There were other minor annoyances, such as the way a camelCase naming convention resulted in nicer-looking Java code than the under_scored naming convention typically used by Python programmers. We ended up going with camelCase names for attributes and methods of classes used in the public side of the web service. After making these tweaks, it is not difficult to design an API with TGWS that makes sense to both Java and Python client developers.

Testing in Java was another challenge for us to work out. We have a large suite of Python tests driven by nose, and we ultimately were able to automate the client-side Java testing using junit. We then integrated the two suites by writing a single Python test to run all of the junit tests in a separate process and parse the results from the output.

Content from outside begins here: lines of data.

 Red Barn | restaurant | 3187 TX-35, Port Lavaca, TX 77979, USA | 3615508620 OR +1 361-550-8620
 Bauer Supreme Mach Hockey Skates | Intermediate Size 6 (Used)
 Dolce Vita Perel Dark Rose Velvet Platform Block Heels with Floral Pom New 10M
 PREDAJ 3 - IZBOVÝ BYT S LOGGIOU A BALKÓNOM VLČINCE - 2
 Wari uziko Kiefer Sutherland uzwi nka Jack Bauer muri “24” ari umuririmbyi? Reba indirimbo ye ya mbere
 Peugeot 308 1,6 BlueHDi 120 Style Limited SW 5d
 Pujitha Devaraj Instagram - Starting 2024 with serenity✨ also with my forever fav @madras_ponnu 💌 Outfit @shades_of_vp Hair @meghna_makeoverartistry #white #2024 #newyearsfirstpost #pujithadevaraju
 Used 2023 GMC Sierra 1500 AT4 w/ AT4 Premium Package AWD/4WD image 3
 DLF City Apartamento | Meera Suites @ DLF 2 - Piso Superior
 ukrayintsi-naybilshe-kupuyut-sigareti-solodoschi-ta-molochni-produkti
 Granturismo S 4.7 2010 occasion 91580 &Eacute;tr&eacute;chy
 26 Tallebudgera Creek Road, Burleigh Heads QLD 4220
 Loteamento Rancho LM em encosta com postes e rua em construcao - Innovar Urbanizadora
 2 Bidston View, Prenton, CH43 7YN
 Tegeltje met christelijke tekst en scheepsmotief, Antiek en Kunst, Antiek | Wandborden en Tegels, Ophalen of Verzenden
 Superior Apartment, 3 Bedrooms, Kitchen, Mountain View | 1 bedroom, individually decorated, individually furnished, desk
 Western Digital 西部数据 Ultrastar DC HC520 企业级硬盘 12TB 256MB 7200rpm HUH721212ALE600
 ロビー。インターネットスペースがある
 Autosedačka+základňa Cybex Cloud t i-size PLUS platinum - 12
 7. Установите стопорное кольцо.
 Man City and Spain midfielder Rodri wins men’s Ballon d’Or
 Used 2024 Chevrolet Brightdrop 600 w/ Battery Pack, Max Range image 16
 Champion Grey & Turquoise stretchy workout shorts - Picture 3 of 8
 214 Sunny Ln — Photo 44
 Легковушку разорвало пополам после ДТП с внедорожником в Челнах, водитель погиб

In addition to developer tests, Racemi has a dedicated group of test engineers who perform QA and acceptance tests before each new version of DynaCenter is released. The QA team needed a client library to use for testing the new web service. None of them are Java programmers, so the Dev team took on the task of basic Java integration testing. But for full-on regression testing and automation, QA needed something lightweight and easy to get up and running with quickly. Suds fit this bill quite nicely. It is a client-only SOAP interface for Python that reads the WSDL file at runtime and provides client bindings for the web service API. Armed with our WSDL and the Suds documentation, our QA team was able to start building a client test harness almost immediately.


At the beginning of our evaluation process, we knew there were a lot of ways to compare the available tools. At first, we weren’t sure if the code-from-WSDL model used by ZSI or the WSDL-from-code model used by TGWebServices and soaplib would be easier to use. After creating the simple echo service prototype with both tools, we found that writing Python and generating the WSDL worked much better for us. Because WSDL is an XML format primarily concerned with types, we found it excessively verbose compared to the Python needed to back it up. It felt much more natural to express our API with Python code and then generate the description of it. Starting with the code also lead to fewer situations where translating to WSDL produced errors, unlike when we tried to manage the WSDL by hand.

Because WSDL is an XML format primarily concerned with types, we found it excessively verbose compared to the Python needed to back it up.

As mentioned earlier, we ended up needing to patch TGWebServices to make it work correctly with TurboGears 1.1. Those patches were available on the Internet as separate downloads, but we decided to “fork” the original Mercurial repository and create a new version that included them directly. We have also added a few other enhancements, such as the option of specifying which formats (JSON and/or XML) to use when documenting sample types, and better SOAP error message handling. We are working with Christophe de Vienne to move those changes upstream.

TGWebServices stood out as the clear winner for our needs.

Aside from the ease of use benefits and technical merits of TGWebServices, there were several bonus features that made it appealing. The integration with Sphinx for generating documentation meant that not only would we not have to write the reference guide as a completely separate task, but it would never grow stale as code (especially data structures) changed during the evolution of the API. Getting the JSON for “free” was another big win for us because it made testing easier and did not lock us in to a SOAP solution for all of our partners. Couple that with the benefit of having the TurboGears framework already in place for a possible web UI down the road, and TGWebServices stood out as the clear winner for our needs.